When it all began, they said to his family "When some passions are born, you have to let them fly. You cannot clip their wings". And since then, nobody has wanted to clip Adrián Aguilar's wings.
Adrián was seven years old when he was walking past the sports complex in Alhaurín de la Torre and his father, Juan, asked him and his older sister Carla if they wanted to sign up. They said they did. After two months on the waiting list, an extracurricular activity turned into a real passion for that young boy. That is how Adrián began to fly in the world of artistic skating.
He is 16 now and in the years since then he has been flying high. He has been to Portugal, Italy and France to compete in international championships but, without a doubt, one of the most special events is coming up very soon for this young skater.

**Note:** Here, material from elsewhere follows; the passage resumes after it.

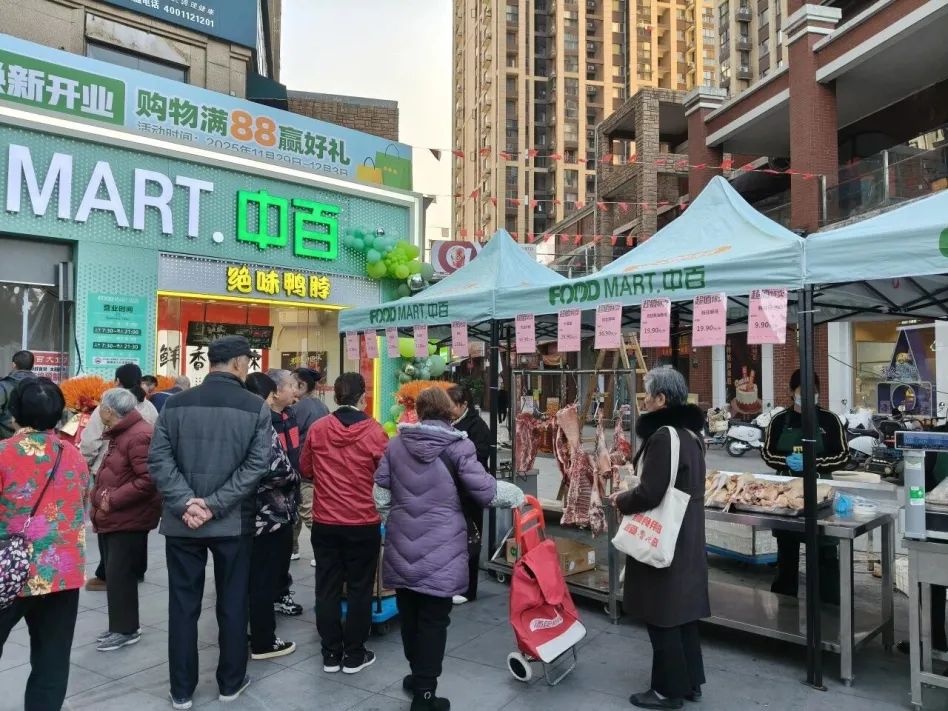 伟易博(中国区)官方网站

In late June and early July Adrián won silver medals for solo dance and freestyle and that earned him a place in the European juvenile skating championships which are taking place on 2 September in Italy. Adrián becomes quite emotional when he talks about it: "It'll be my very first time in a European-level competition, I'm really excited," he says.

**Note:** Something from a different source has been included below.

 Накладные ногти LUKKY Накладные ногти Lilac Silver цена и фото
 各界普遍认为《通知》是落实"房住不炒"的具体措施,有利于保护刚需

But... how did he get to this point? Well, he continued to practice locally for a few years and then transferred to El Tejar club in Fuengirola to train with Angélica Morales. He has now become the first of that club's skaters to classify for a European championship in freestyle.
"Our skater has performed competitively at the highest technical level with complete triples which have given him a pass to the European Championship," said the club in a statement.
On 6 August Adrián travelled to Italy and spent a week training, to perfect his spins, pirouettes and jumps. Scores for technique and artistic performance carry the same weight in this discipline.
"It isn't easy to combine everything you have learned in a year's training into two minutes of dance, including jumps, pirouettes and choreography. If you find a jump is difficult to do in training, you could be guaranteed to fall in the competition itself because of your nerves," says Adrián, talking about the difficulties involved in competitive skating. But then he points out the positive side of every championship: "There is always the satisfaction of knowing that, even though you might not have done everything well, you have put in a lot of hours of work and made a huge effort to get this far," he says.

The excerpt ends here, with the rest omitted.